#### INSTRUCTIONS TO FOLLOW:
Once the line holding "Ontarion ja Quebecin" is found in the entries below, restate it and each line after it word for word, with no pictures.

--- START ---

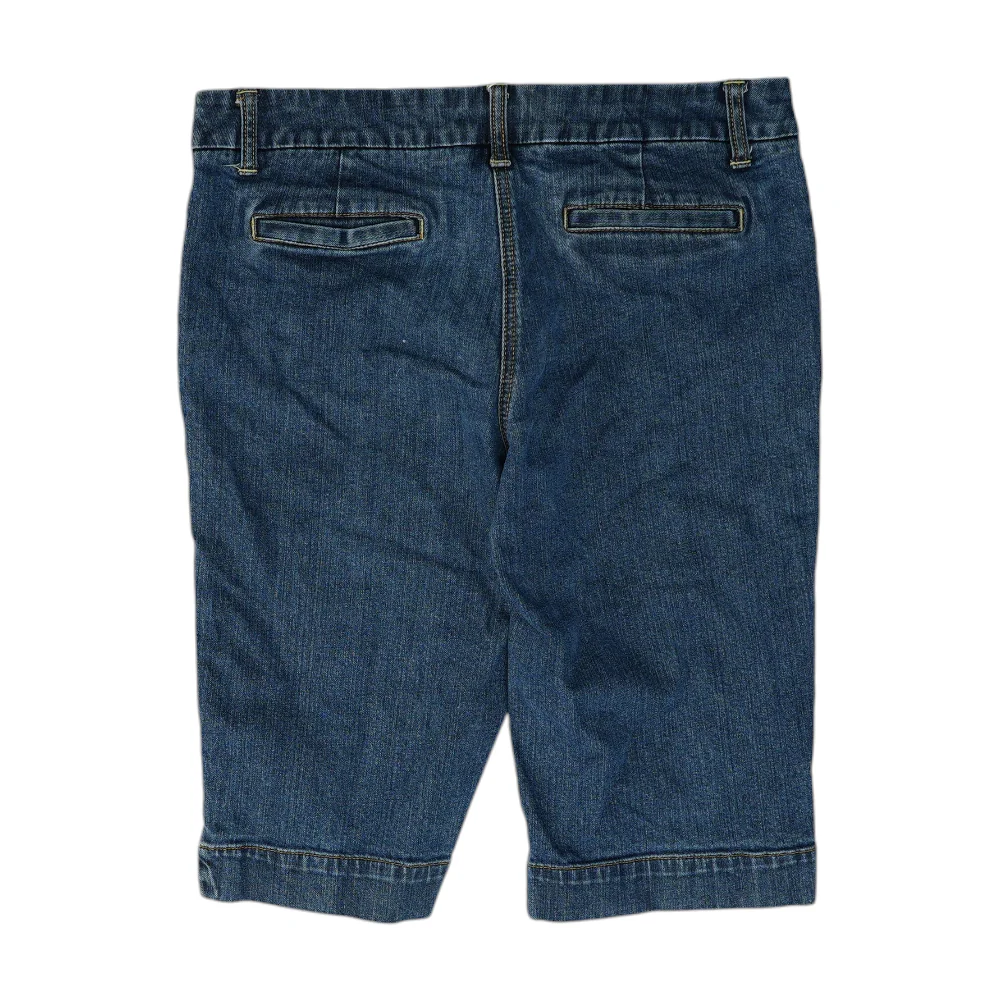 Blue Solid Denim Capris - Image 2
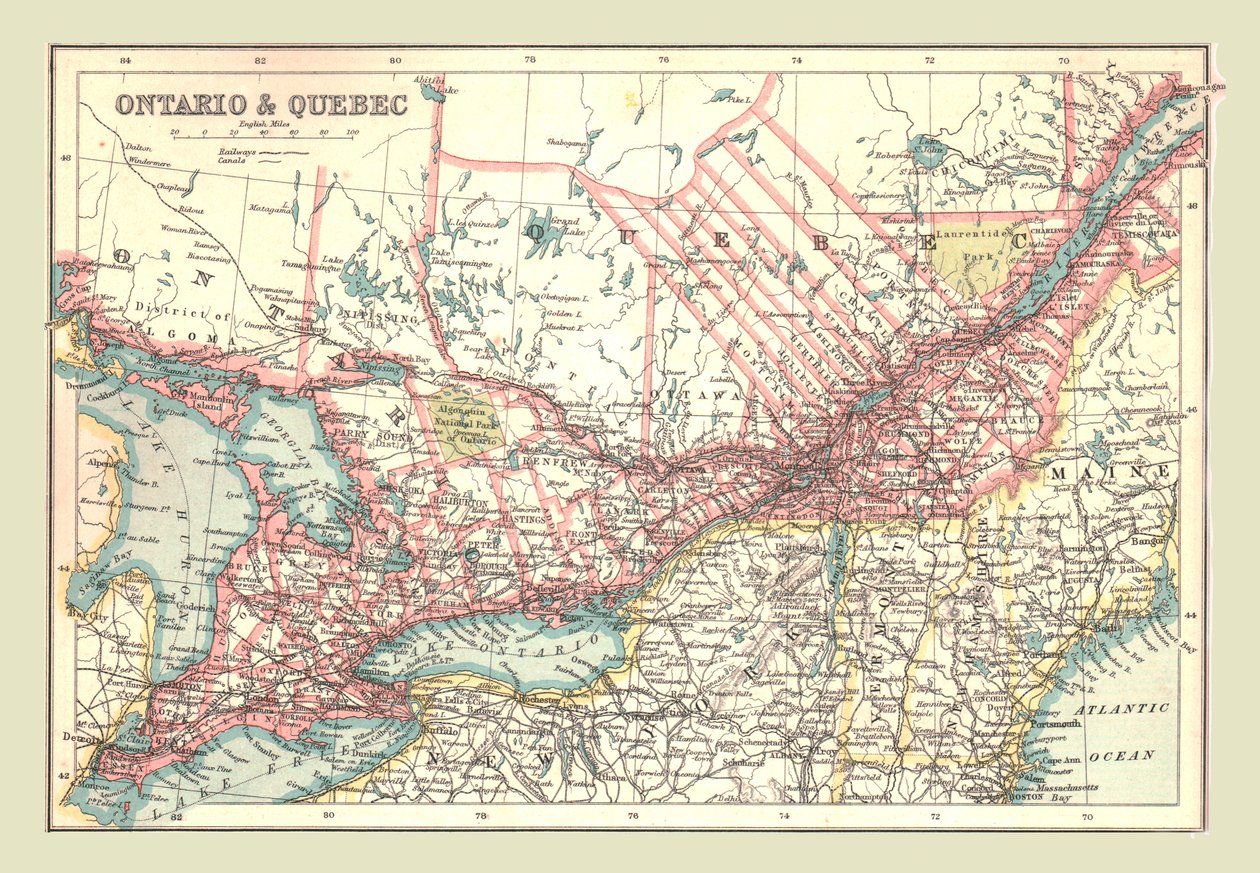 Ontarion ja Quebecin kartta, 1902. tekijältä Unbekannt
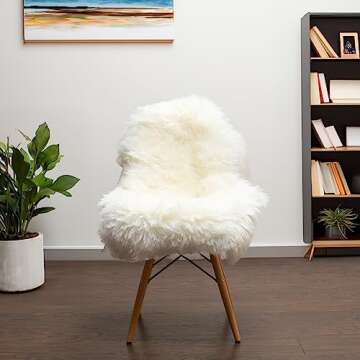 Premium Genuine Fluffy Sheepskin Rug, Soft Bedroom/Living Room Carpet, Natural Creamy White, Large 2' x 3' Single Pelt Sheep Skin Cozy Chair Cover - Super Area Rugs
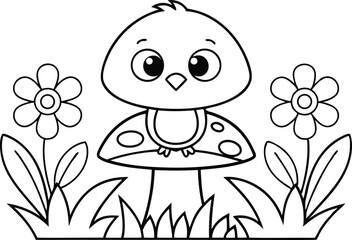 Outline Drawing Cartoon Bird Standing on a Mushroom with Flowers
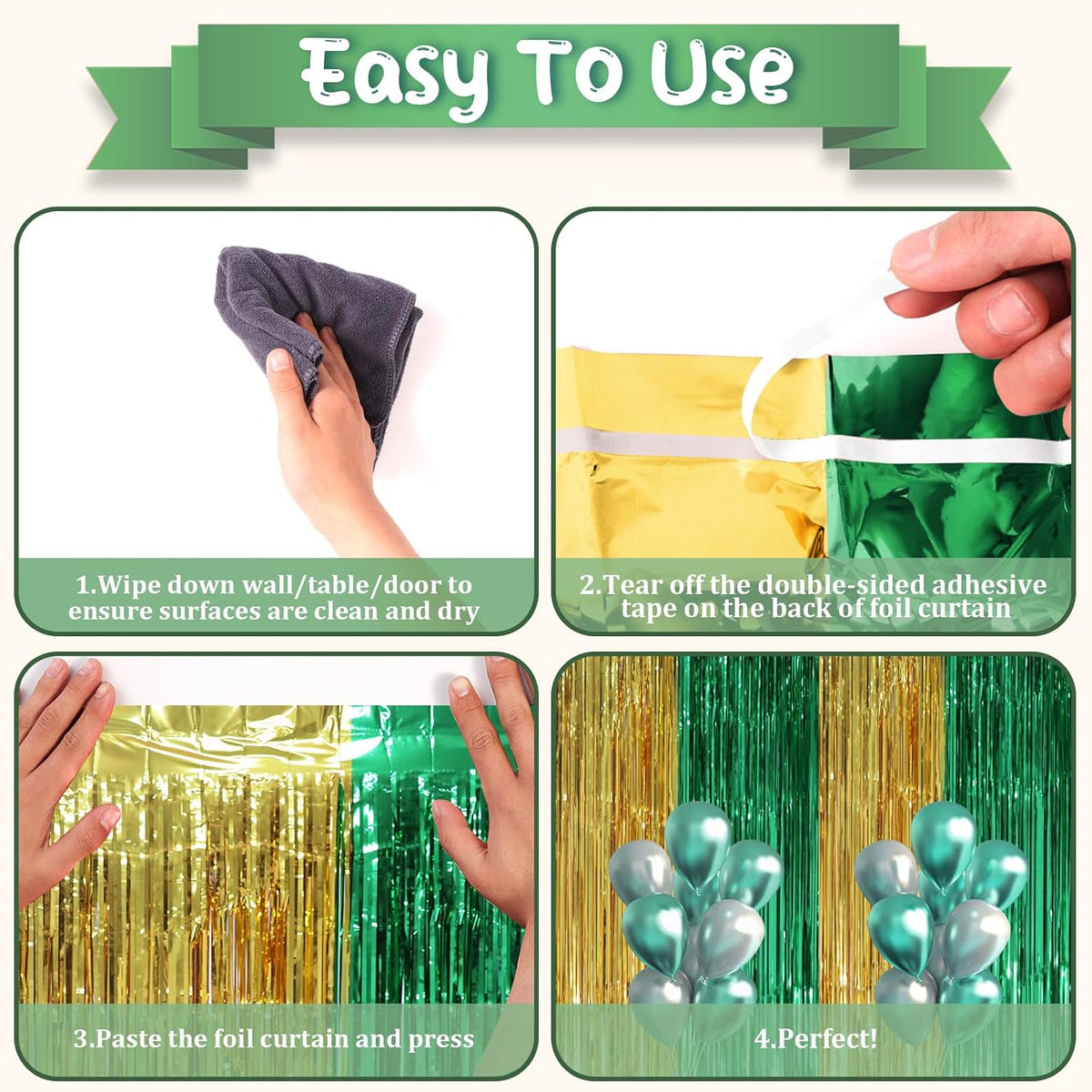 2 Pack Green and Gold Foil Fringe Backdrop Curtains, Tinsel Streamers Party Decorations, Fringe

--- END ---

#### THE ANSWER:
 Ontarion ja Quebecin kartta, 1902. tekijältä Unbekannt
 Premium Genuine Fluffy Sheepskin Rug, Soft Bedroom/Living Room Carpet, Natural Creamy White, Large 2' x 3' Single Pelt Sheep Skin Cozy Chair Cover - Super Area Rugs
 Outline Drawing Cartoon Bird Standing on a Mushroom with Flowers
 2 Pack Green and Gold Foil Fringe Backdrop Curtains, Tinsel Streamers Party Decorations, Fringe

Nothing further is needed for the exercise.